INPUT DATA |
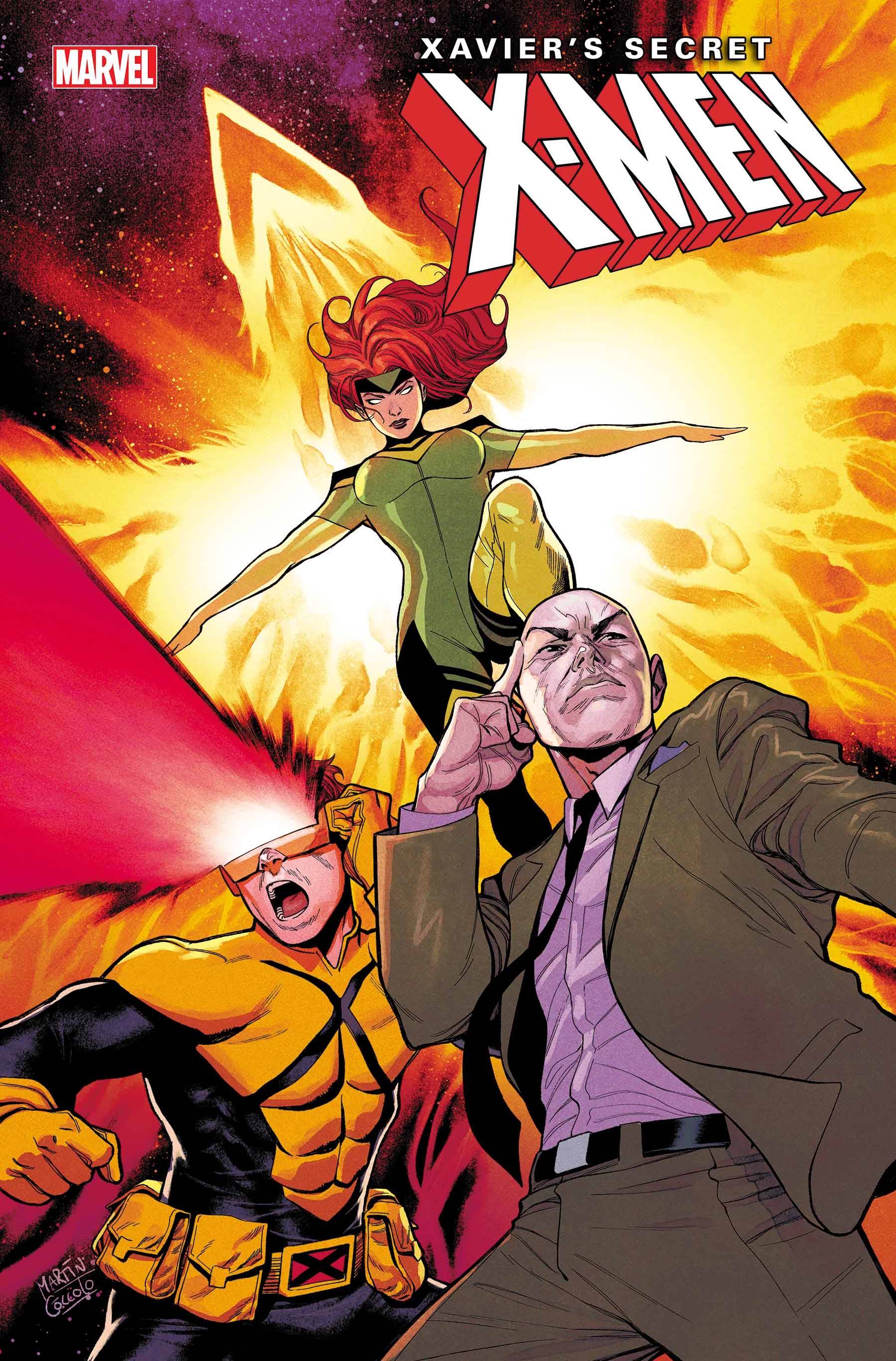 X-MEN XAVIERS SECRET (2025) #1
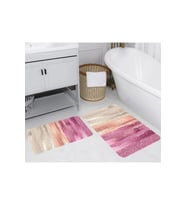 Eliana Home Baskılı 2'li Banyo Paspas Takımı RVG5247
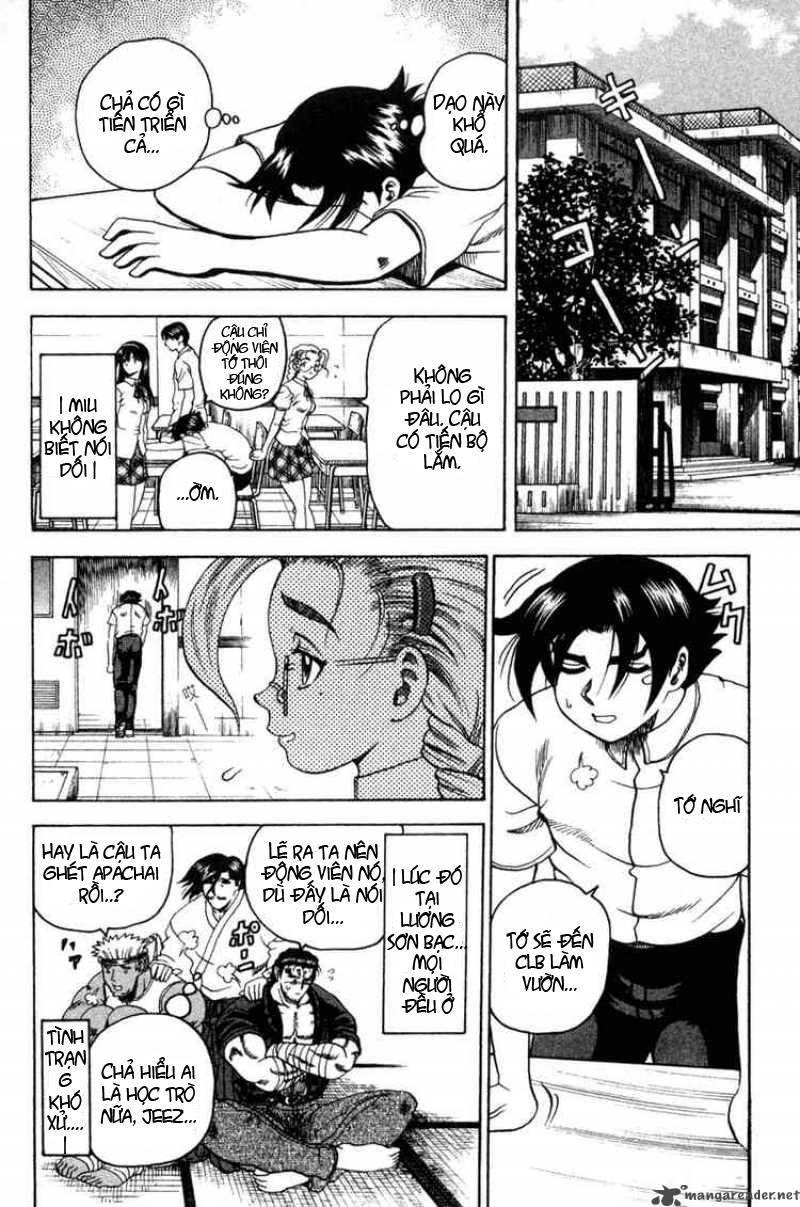 History’s Strongest Disciple Kenichi Chapter 19 - 13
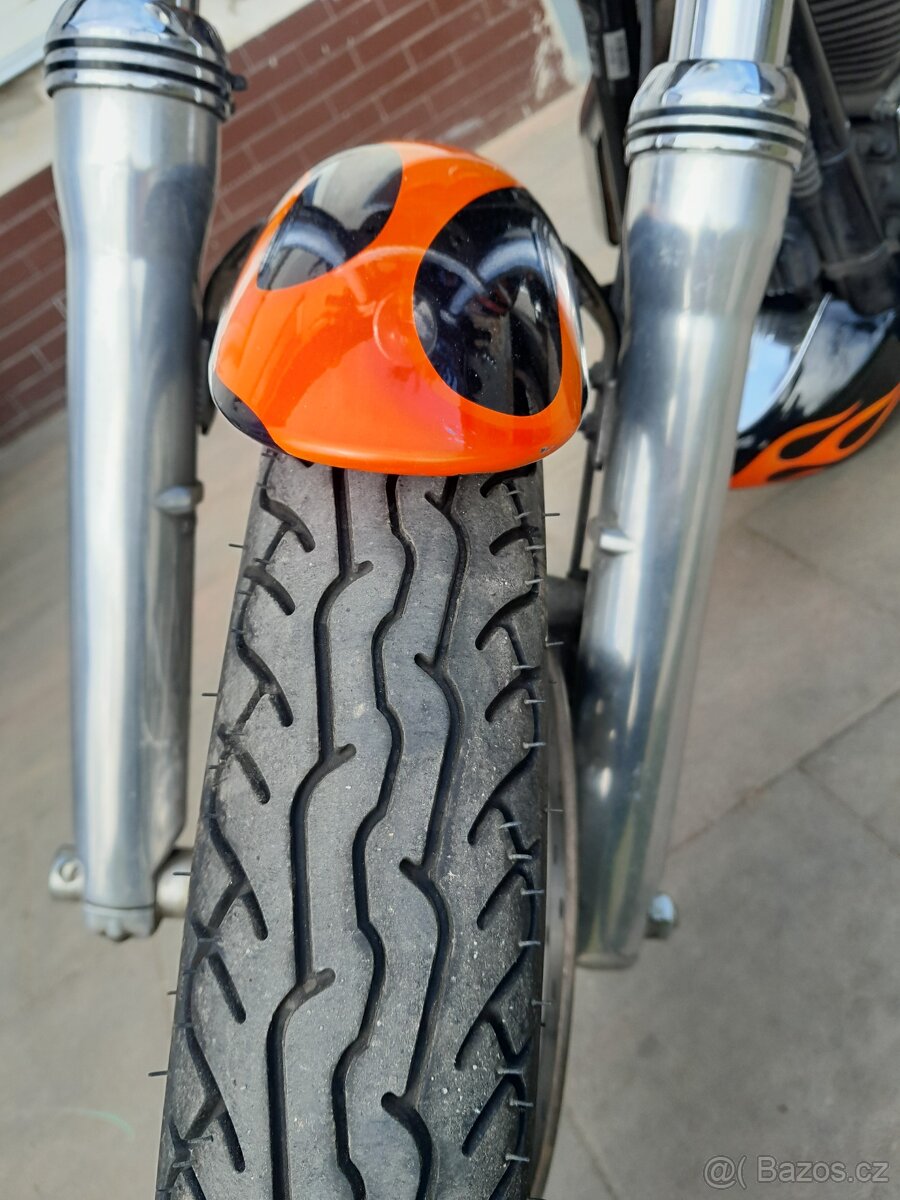 Harley Davidson FXDWG 2010 - 9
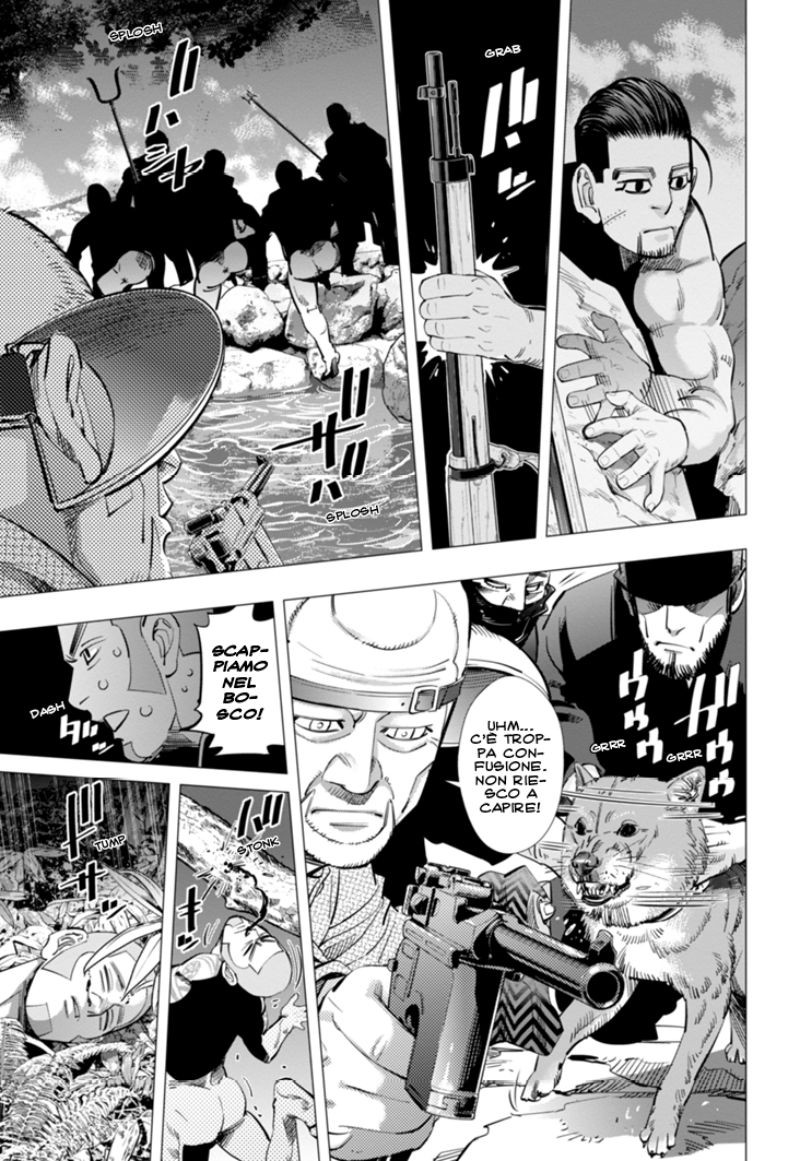 Read Golden Kamui IT Manga Online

TASK TO COMPLETE | Write out every line above again exactly, with the pictures left out.

RESPONSE |
 X-MEN XAVIERS SECRET (2025) #1
 Eliana Home Baskılı 2'li Banyo Paspas Takımı RVG5247
 History’s Strongest Disciple Kenichi Chapter 19 - 13
 Harley Davidson FXDWG 2010 - 9
 Read Golden Kamui IT Manga Online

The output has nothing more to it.